I don’t think anyone believes that literally that “all intelligence levels are compatible with all goals”. For example, an intelligence that is too dumb to understand the concept of “algebraic geometry” cannot have a goal that can only be stated in terms of algebraic geometry. I’m pretty sure Bostrom put in a caveat along those lines...
Note: even so, this objection would imply an in increasing range of possible goals as intelligence rises, not convergence.
I freely grant that this maximally strengthened version of the orthogonality thesis is false, even if only for the reasons @Steven Byrnes mentioned below. No entity can have a goal that requires more bits to specify than are used in the specification of the entity’s mind (though this implies a widening circle of goals with increasing intelligence, rather than convergence).
I think it might be worth taking a moment more to ask what you mean by the word “intelligence.” How does a mind become more intelligent? Bostrom proposed three main classes.
There is speed superintelligence, which you could mimic by replacing the neurons of a human brain with components that run millions of times faster but with the same initial connectome. It is at the very least non-obvious that a million-fold-faster thinking Hitler, Gandhi, Einstein, a-random-peasant-farmer-from-the-early-bronze-age, and a-random-hunter-gatherer-from-ice-age-Siberia would end up with compatible goal structures as a result of their boosted thinking.

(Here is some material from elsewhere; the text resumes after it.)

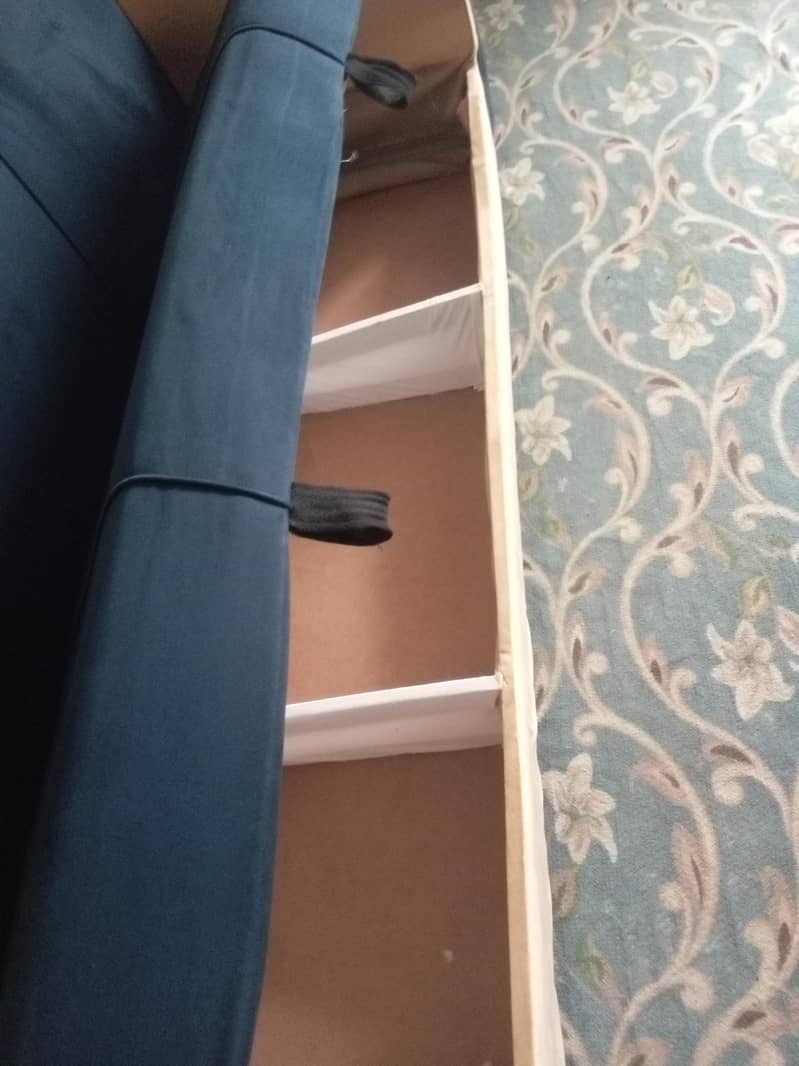 sofa bed 1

There is collective superintelligence, where individually smart entities work together form a much smarter whole. At least so far in history, while the behavior of collectives is often hard to predict, their goals have generally been simpler than those of their constituent human minds. I don’t think that’s necessarily a prerequisite for nonhuman collectives, but something has to keep the component goals aligned with each other, well enough to ensure the system as a whole retains coherence. Presumably that somehow is a subset of the overall system—which seems to imply that a collective superintelligence’s goals must be comprehensible to and decided by a smaller collective, which by your argument would seem to be itself less constrained by the forces pushing superintelligences towards convergence. Maybe this implies a simplification of goals as the system gets smarter? But that competes against the system gradually improving each of its subsystems, and even if not it would be a simplification of the subsystems’ goals, and it is again unclear that one very specific goal type is something that every possible collective superintelligence would converge on.
Then there’s quality superintelligence, which he admits is a murky category, but which includes: larger working and total memory, better speed of internal communication, more total computational elements, lower computational error rate, better or more senses/sensors, and more efficient algorithms (for example, having multiple powerful ANI subsystems it can call upon). That’s a lot of possible degrees of freedom in system design. Even in the absence of the orthogonality thesis, it is at best very unclear that all superintelligences would tend towards the specific kind of goals you’re highlighting.
In that last sense, you’re making the kind of mistake EY was pointing to in this part of the quantum physics sequence, where you’ve ignored an overwhelming prior against a nice-sounding hypothesis based on essentially zero bits of data. I am very confident that MIRI and the FHI would be thrilled to find strong reasons to think alignment won’t be such a hard problem after all, should you or any of them ever find such reasons.